Going immersive in Shanghai
China - The annual two-day Rolls Royce sales meeting, hosted for the marque’s worldwide network of dealer partners, maintains an impressive standard of event production, for which this year, as for the last five, global brand experience company, Imagination, pitched for and won.
The realised design brief incorporated an engaging daytime dealer gathering setup and an intricately designed immersive experiential dining experience for 280 guests, supported by TiMax object-based spatial audio.
Imagination’s head of sound design, Crispian Covell, states: “TiMax was pivotal to our sound design across the whole event. As far as I’m aware, TiMax is still the best and only way of doing what we needed. Nothing else can work site-specific surround sound simply by importing a PDF of the room; nothing else allows you to configure the entire loudspeaker system offline or adjust loudspeaker image definitions virtually live. TiMax is completely fluid and its innovative features are invaluable.”
The daytime sales assemblage was distinguished into two distinct sections, characterised by a change in room set up. In just 15 minutes the room configuration transformed from a traditional presentation style, end-on seating set up, to traverse seating positions, like a fashion show. At the flick of a switch, TiMax changed the audio set up to suit the new environment.
The afternoon session relied upon TiMax to keep attention on presenters and moderators as they spoke across three stages. The 280 attendees were seated around the central stage, and presenters’ movements were rehearsed to actively reference information on screens behind the left and right stages. The live presentation was staged to a cue stack in TiMax cued by the show caller.

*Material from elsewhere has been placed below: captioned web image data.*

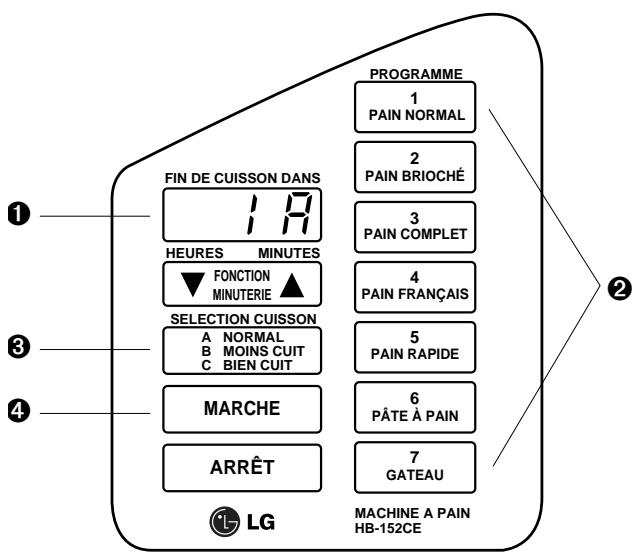 FIN DE CUISSON DANS 17 PROGRAMME 1 PAIN NORMAL 2 PAIN BRIOCHÉ 3 PAIN COMPLET 4 PAIN FRANÇAIS FONCTION MINUTERIE ▲ SELECTION CUISSON A NORMAL B MOINS CUIT C BIEN CUIT 5 PAIN RAPIDE 6 PÂTE À PAIN MARCHE ARRÊT 7 GATEAU LGI MACHINE A PAIN HB-152CE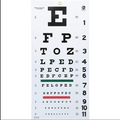 Snellen Eye Chart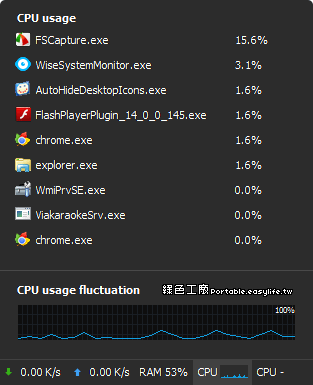 Wise System Monitor 1.5.2 系統效能監控工具，整合系統硬體資訊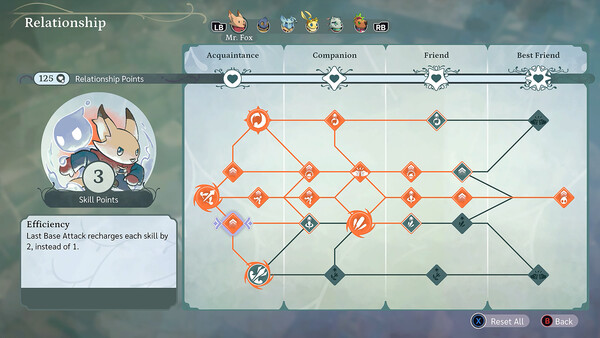 《孤独公会/The Lonesome Guild》PC中文版下载-含v20251030-惠声网赚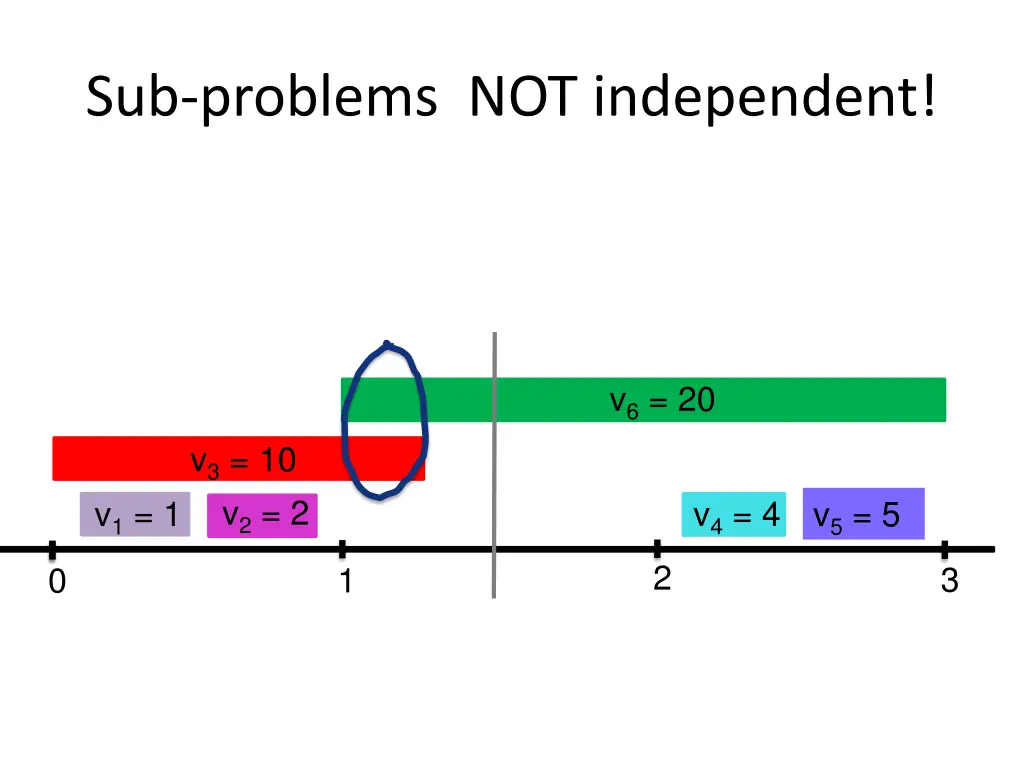 sub problems not independent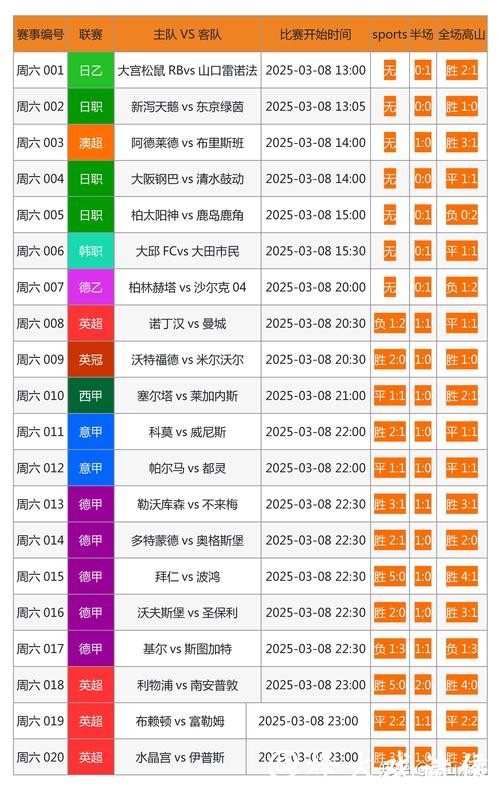最全世界杯官方投注网站推荐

The evening’s gala dinner environment was also recreated from the daytime meeting space. Stages were replaced with luxuriously adorned, long banqueting tables and seating for the 280 evening diners. Joining the two projection surfaces already used during the day, which covered the room’s two short walls, a further two surfaces were lowered from concealed positions in the roof to cover the two longer ones. Around the perimeter of surfaces, which visually immersed the diners through each course, a 22.6 distributed d&b surround sound system ensured TiMax could achieve total immersion for every seat.
Covell mixed individual sounds and stems from ProTools via MADI into TiMax where each piece of content was positioned into its object-imaged spatial zones.
To accommodate the precise timing necessary for this large-scale experience, where timings must be managed around the speed of dining, the audio is imaged in TiMax which picks up MIDI timecode from ProTools, then exported as 28 mono channels and played back through QLab. QLab’s ability to vamp and devamp into predefined audio loops allocated extra time for courses to be eaten or served as necessary.